O senhor considera que a carta enviada pelo presidente dos Estados Unidos ao Brasil pode ser interpretada como uma tentativa de coação ou interferência indevida no processo judicial brasileiro?

Acho importante trazer algumas considerações mais aprofundadas sobre essa questão. Enxergo a situação como absolutamente fora dos padrões. Trata-se de um episódio sem precedentes na relação entre Brasil e Estados Unidos, uma relação que remonta há mais de dois séculos, desde que os EUA se tornou o primeiro país a reconhecer a independência do Brasil. Desde então, temos uma relação concreta, robusta e, em geral, favorável. Para mim é algo absolutamente "fora do padrão", que não encontra precedente na relação entre democracias. Ainda assim, é evidente que se trata, mesmo que de maneira indireta, de uma interferência em assuntos internos do Brasil. E esse tipo de atitude nunca foi adotado anteriormente pelos americanos em relação ao nosso país. Não é assim que as nações devem se relacionar. Não há precedente de algo semelhante. "Vou aplicar sanções porque um correligionário, ou alguém com quem tenho afinidade política, como um ex-presidente, está sendo processado ou acusado de determinado ato, que eu considero isso injusto." Ora, nenhum país atua dessa forma. Um governo até pode se manifestar se considerar que um nacional seu, de grande nome, está sendo injustiçado no exterior e, assim, interceder. Mas veja: a candidata da extrema-direita à Presidência da França, Marine Le Pen, foi condenada, entre fevereiro e março deste ano, a perder os direitos políticos e, portanto, está impedida de concorrer às eleições de 2027. O ex-presidente Donald Trump protestou, disse que era uma injustiça. Seu vice também se manifestou. No entanto, ninguém nos Estados Unidos propôs qualquer tipo de sanção contra a França. Portanto, creio que com essas considerações consigo responder à sua pergunta de forma clara.
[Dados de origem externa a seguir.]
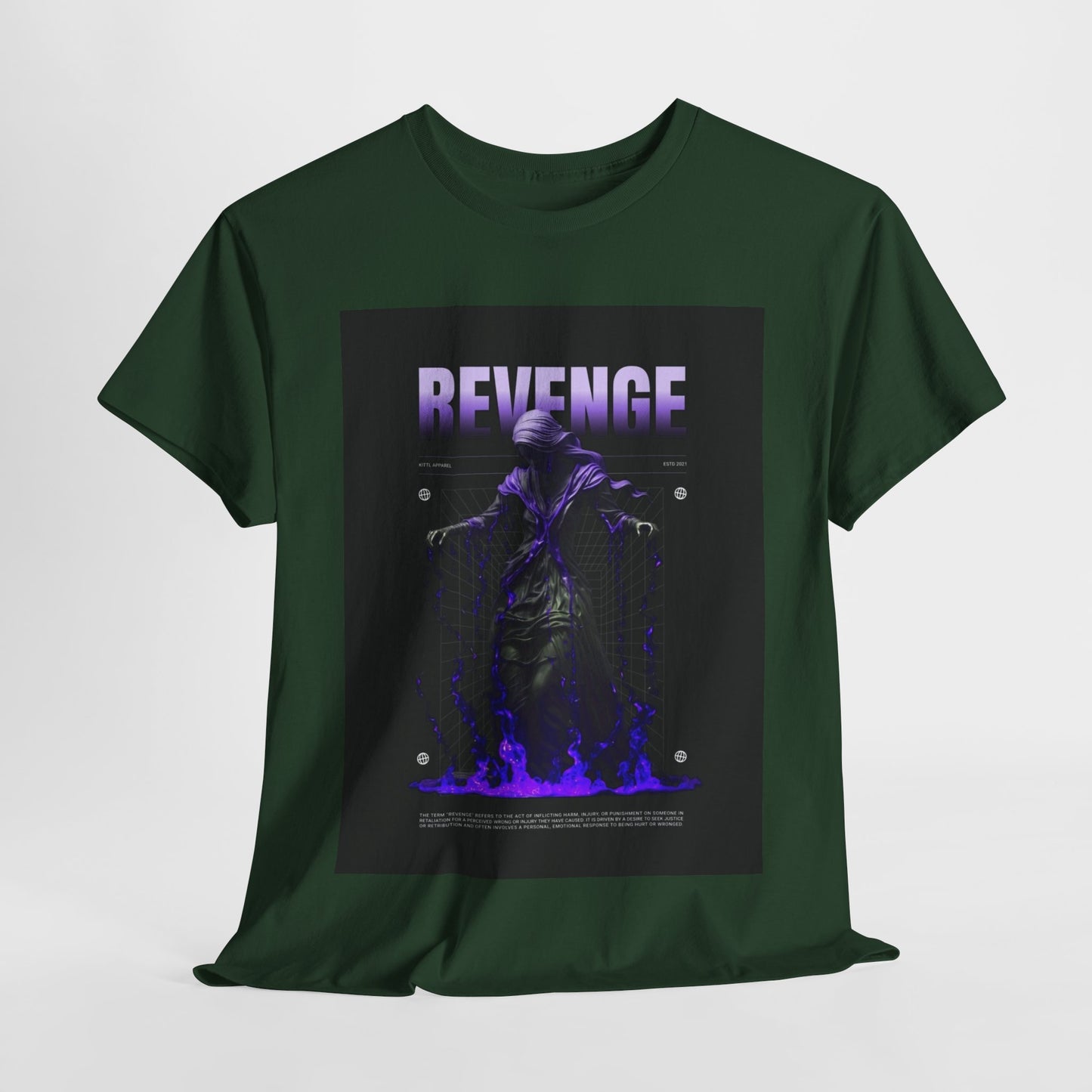 Revenge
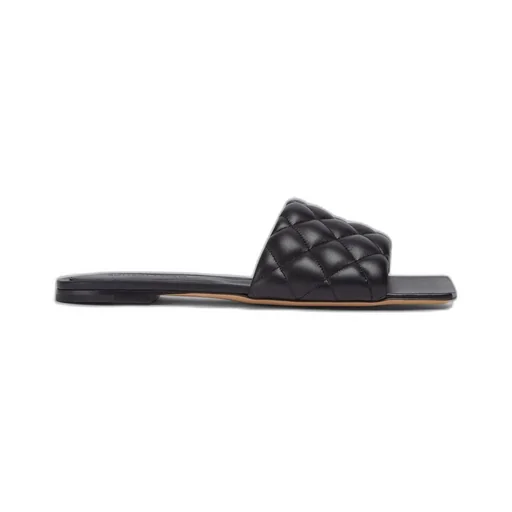Padded Flat Sandal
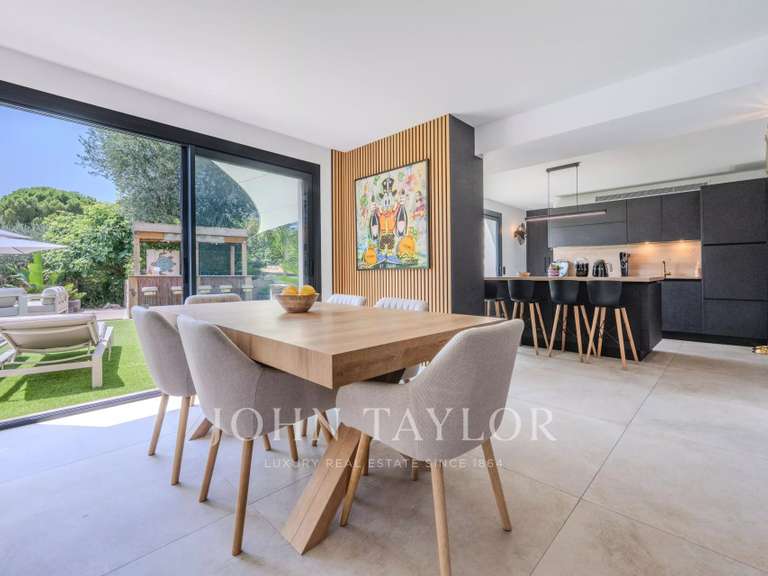 Villa Mougins - 3 chambres - 183m²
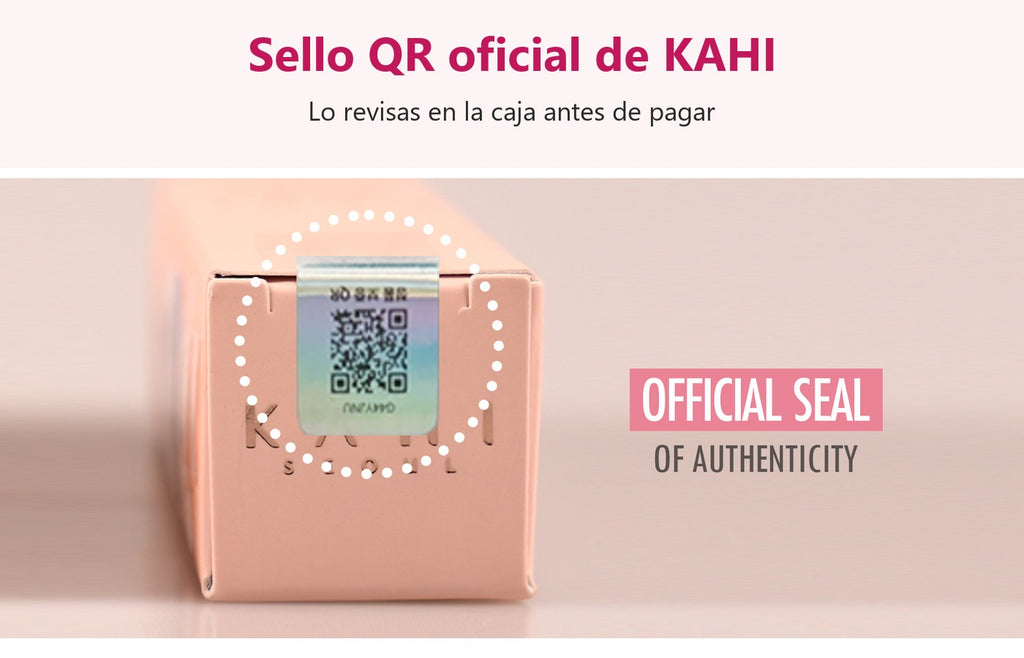 Bálsamo Glow Coreano · Colágeno de Salmón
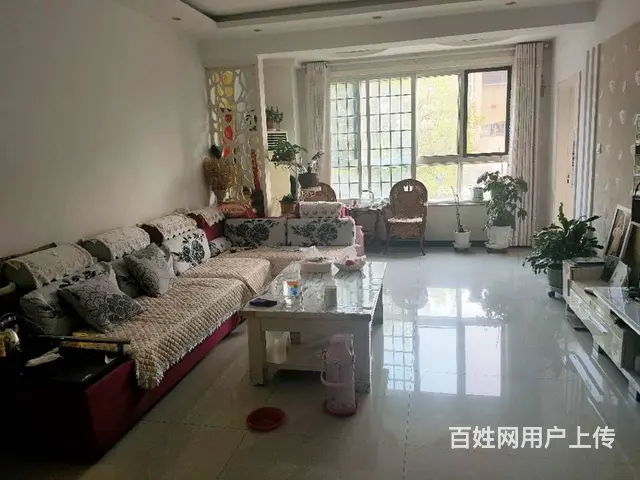 湖光山色132平 三室 家具家电齐全 月租1700 - 图片 7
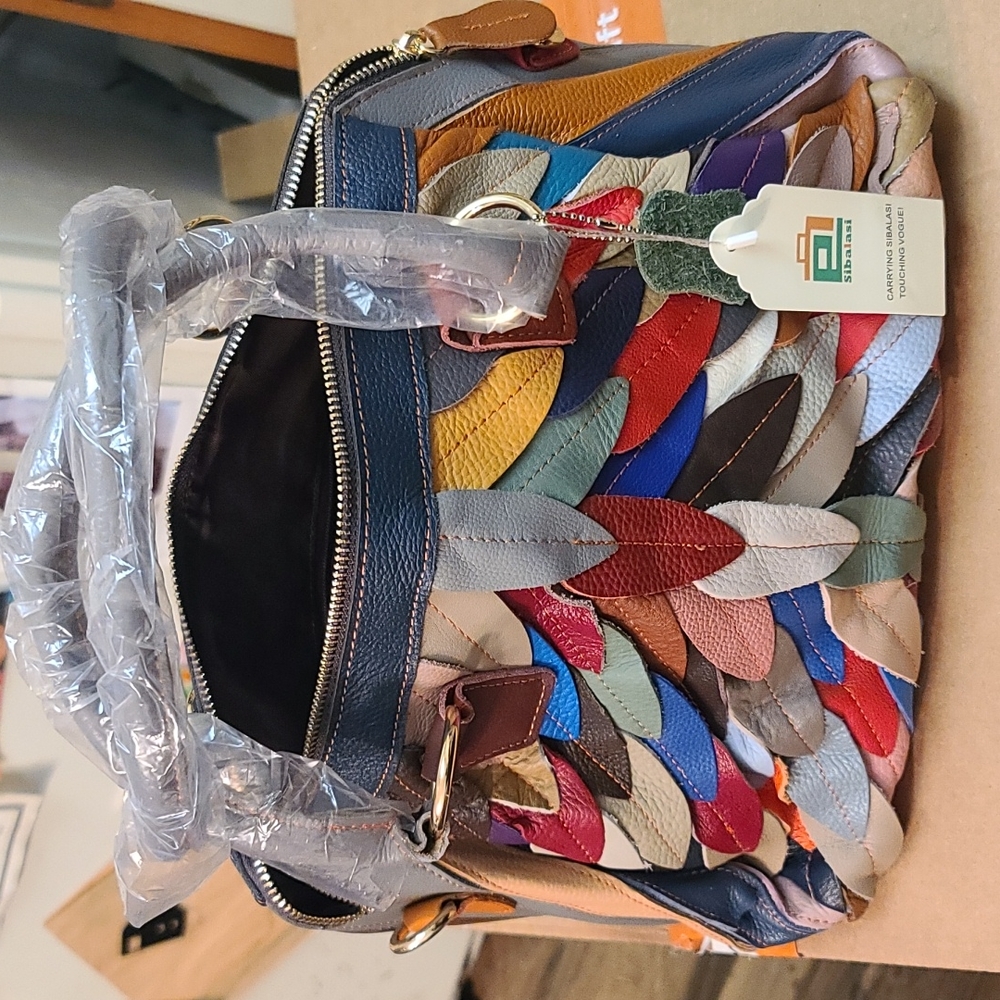 Sibalasi Geniniune Pocketbook
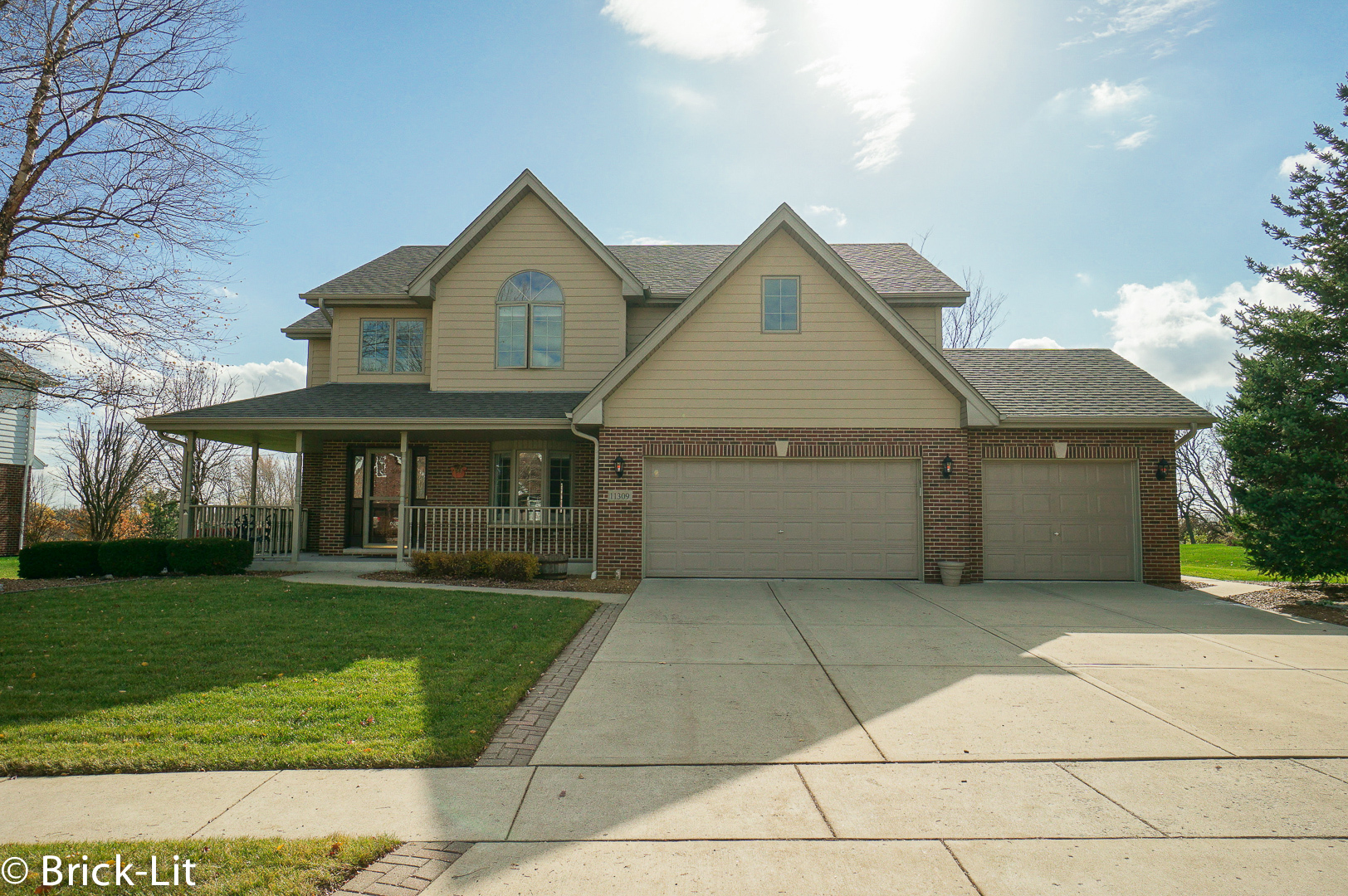 Frankfort IL Homes for Sale Frankfort Real Estate Bowers Realty Group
Na sua avaliação, há indícios de que a família Bolsonaro esteja promovendo lobby junto ao governo dos Estados Unidos com o objetivo de pressionar por uma eventual anistia?

Olha… Isso está nos jornais, né? Eu não acompanho os passos nem a trajetória dessa família. Até agora, pelo que vi na imprensa, e que tem sido amplamente divulgado, o deputado licenciado, que está nos Estados Unidos, já afirmou reiteradas vezes que está lá em busca de suspender o processo. Então, deve haver algum tipo de influência sendo exercida.

Na sua opinião, o senhor vê que Eduardo Bolsonaro está disposto a prejudicar o próprio país para pressionar por essa anistia?

Veja bem: "disposto" é uma expressão para o futuro, que exigiria de mim elementos que comprovassem essa intenção. E eu não os tenho. O que sei, e isso me parece claro, é que os atos praticados até aqui prejudicaram o país e continuam prejudicando. Isso, sim, me parece evidente. Então, os atos desse cidadão a que você se refere, evidentemente já causaram e seguem causando prejuízos ao Brasil.

As medidas restritivas impostas ao ex-presidente Jair Bolsonaro são, na sua visão, juridicamente fundamentadas? As justificativas apresentadas pelo ministro Alexandre de Moraes são legítimas e proporcionais?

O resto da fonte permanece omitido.